24 марта (по нов. ст. 6 апреля. — И. Н.) 1920. Вторник
Теперь начинается неудачливая половина нашего беженства. Вчера мы собрались ехать. С трудом достали хлеб на дорогу и пошли на вокзал, а он в трех верстах от города. Оказалось, что надо пропуск, хотя комендант говорил, что не надо. Папа-Коля с Антоном Матвеевичем Гутовским пошли за пропуском. Пошли в два часа, а вернулись в 7, за весь день мы ничего еще не ели. Поезд ушел, а следующий через два дня на третий. Решили жить на вокзале. А там лежал сыпнотифозный. А потом приехал лазарет с больными, который должен уехать ночью. Жить три дня в таких условиях оказалось невозможным. С трудом нашли мы подводу и пошли обратно к Чернецовым. А уже был глубокий вечер.
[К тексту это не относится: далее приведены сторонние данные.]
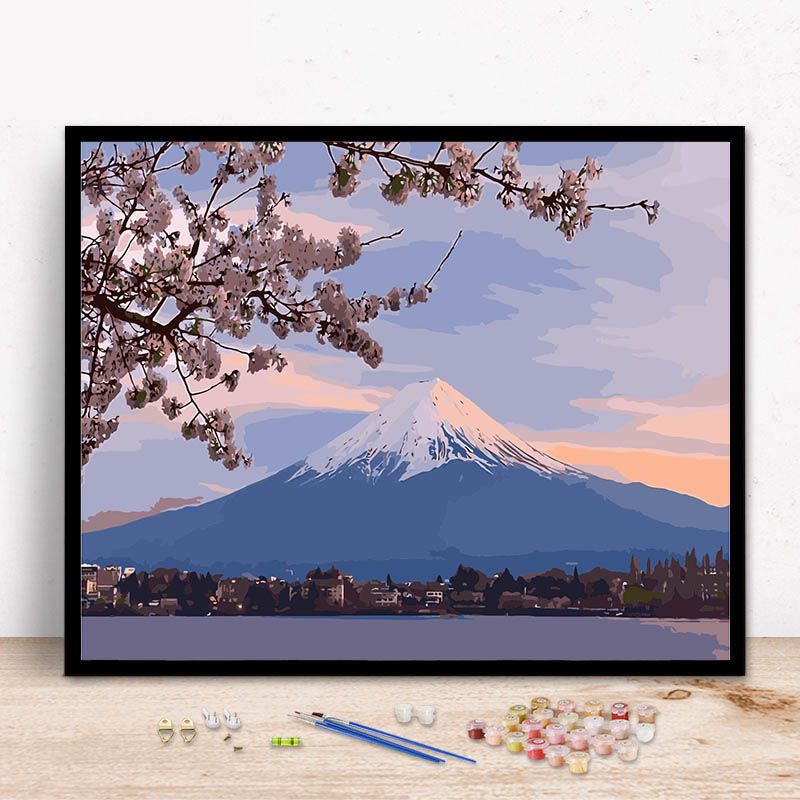 diy数字油画减压画人物动物卡通动漫填色画涂色油彩画手工装饰画 266-偷看猫 40*50cm不带内框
Деникин ушел в отставку, теперь главнокомандующим Врангель. К лучшему это или к худшему? По-моему, это скверно. Хотя среди войск было недовольство против командного состава, и я давно ожидала этого переворота, но? Я не особенно долюбливаю Врангеля, его немецкую ориентацию и, по-моему, из этого ничего не выйдет. Одно хорошо, он подтянет офицерство и, может быть, Бог даст ему победу. Я за это время сильно изменила свое отношение к Добровольческой армии. Я мало верю в них и в их политику, и если их дело прогорит, считаю это лишним течением в русской революции. Конечно, идея хороша, и Корнилов мог бы выполнить ее великолепно, а она выполнялась отвратительно. И я больше не верю в победы. Если уже армия не могла устоять под Орлом, то уж не устоит и перед Перекопом. Войска осталось немного, и эта сила малонадежная.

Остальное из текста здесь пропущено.